18.5.1 Ultraviolet Keratoconjunctivitis
Etiology: Injury from ultraviolet radiation can occur from welding without proper eye protection, exposure to high-altitude sunlight with the eyes open without proper eye protection, or due to sunlight reflected off snow when skiing at high altitudes on a sunny day. Intense ultraviolet light can lead to ultraviolet keratoconjunctivitis within a short time (for example just a few minutes of welding without proper eye protection). Ultraviolet radiation penetrates only slightly and therefore causes only superficial necrosis in the corneal epithelium. The exposed areas of the cornea and conjunctiva in the palpebral fissure become edematous, disintegrate, and are finally cast off.

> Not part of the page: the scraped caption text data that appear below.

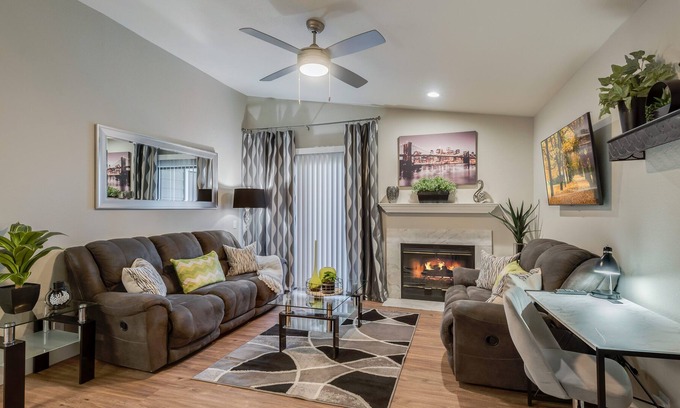 Roseville Apartment | Modern, Furnished Apartment Close To Shops/Dining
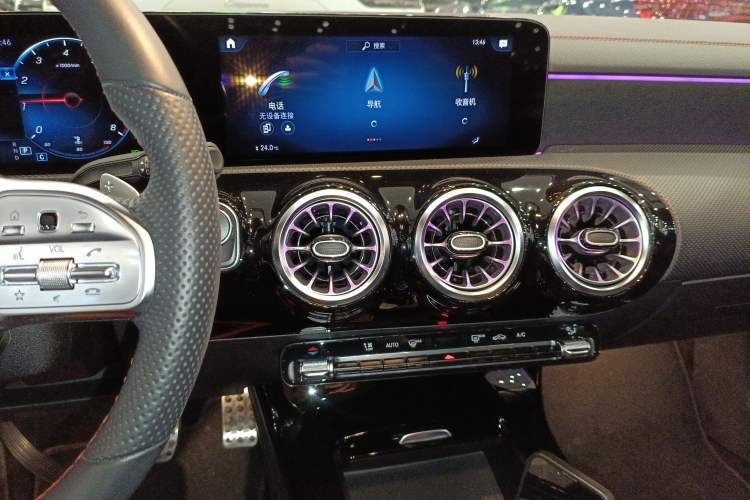 Used Mercedes-Benz CLA 2022-Year Updated CLA 200 Audio And AC Panel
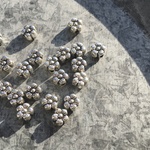 【16個】フラワーメタルビーズ 265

H Ultraviolet keratoconjunctivitis is one of the most common ocular injuries.
Symptoms and diagnostic considerations: Symptoms typically manifest themselves after a latency period of six to eight hours. This causes patients to seek the aid of an ophthalmologist or eye clinic in the middle of the night, complaining of "acute blindness" accompanied by pain, photophobia, epiphora, and an intolerable foreign-body sensation. Often severe blepharospasm will be present. Slit-lamp examination will require administration of a topical anesthetic. This examination will reveal epithelial edema and superficial punctate keratitis or erosion in the palpebral fissure under fluorescein dye (see Fig. 18.5).

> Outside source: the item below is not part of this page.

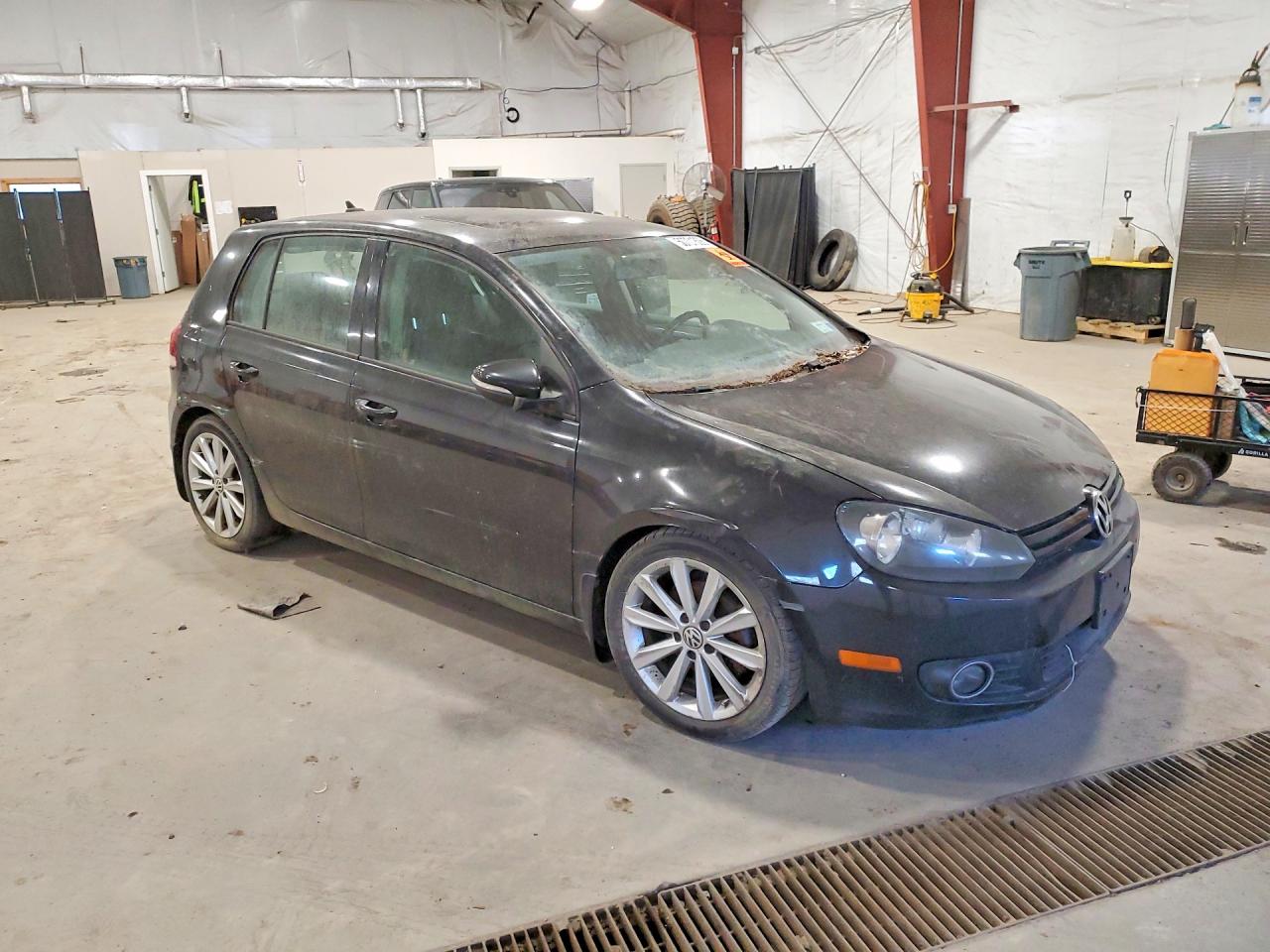 2014 Volkswagen Golf VIN WVWNM7AJ3EW007877 photo 4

U The topical anesthetic will completely relieve symptoms within a few seconds and allow the patient to see clearly and open his or her eyes without pain. Under no circumstances may the patient be allowed access to this anesthetic without medical supervision. Uncontrolled habitual use suppresses the pain reflex (eye closing reflex), which could result in incalculable corneal damage.
Treatment: The "blinded" patient should be instructed that the symptoms will resolve completely under treatment with antibiotic ointment within 24 to 48 hours. Ointment is best be applied to both eyes every two or three hours with the patient at rest in darkened room. The patient should be informed that the eye ointment will not immediately relieve pain and that eye movements should be avoided.

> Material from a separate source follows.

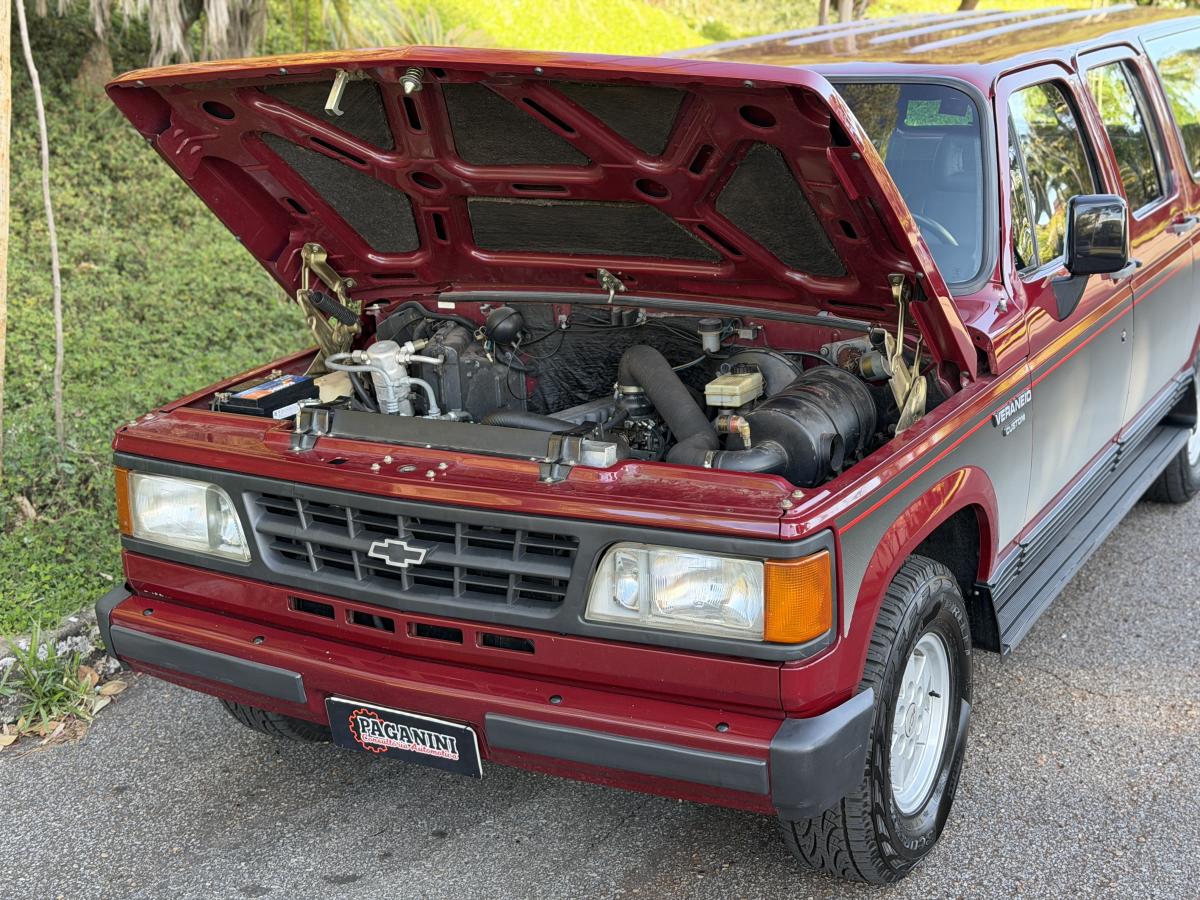 avv-chevrolet-veraneio-custom-deluxe-venda-ylpsrt0-imagem-011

Etiology: Flaring flames such as from a cigarette lighter, hot vapors, boiling water, and splatters of hot grease or hot metal cause thermal coagulation of the corneal and conjunctival surface. Because of the eye closing reflex, the eyelids often will be affected as well.
Injuries due to explosion or burns from a starter's gun also include particles of burned powder (powder burns). Injuries from a gas pistol will also involve a chemical injury.
Symptoms and diagnostic considerations: Symptoms are similar to those of chemical injuries (epiphora, blepharospasm, and pain).
A topical anesthetic is administered, and the eye is examined as in a chemical injury. Immediate opacification of the cornea will be readily apparent. This is due to scaling of the epithelium and tissue necrosis, whose depth will vary with the severity of the burn. In burns from metal splinters, one will often find cooled metal particles embedded in the cornea.
Treatment: Initial treatment consists of applying cooling antiseptic bandages to relieve pain, after which necrotic areas of the skin, conjunctiva, and cornea are removed under local anesthesia. Foreign particles such as embedded ash and smoke particles in the eyelids and face are removed in cooperation with a dermatologist by brushing them out with a sterile toothbrush under general anesthesia. This is done to prevent them from growing into the skin like a tattoo. Superficial particles in the cornea and conjunctiva are removed under local anesthesia together with the necrotic tissue. The affected areas are then treated with an antibiotic ointment.
Prognosis: The clinical course of a burn is usually less severe than that of a chemical injury. This is because burns, like acid injuries, cause superficial coagulation. Usually they heal well when treated with antibiotic ointment.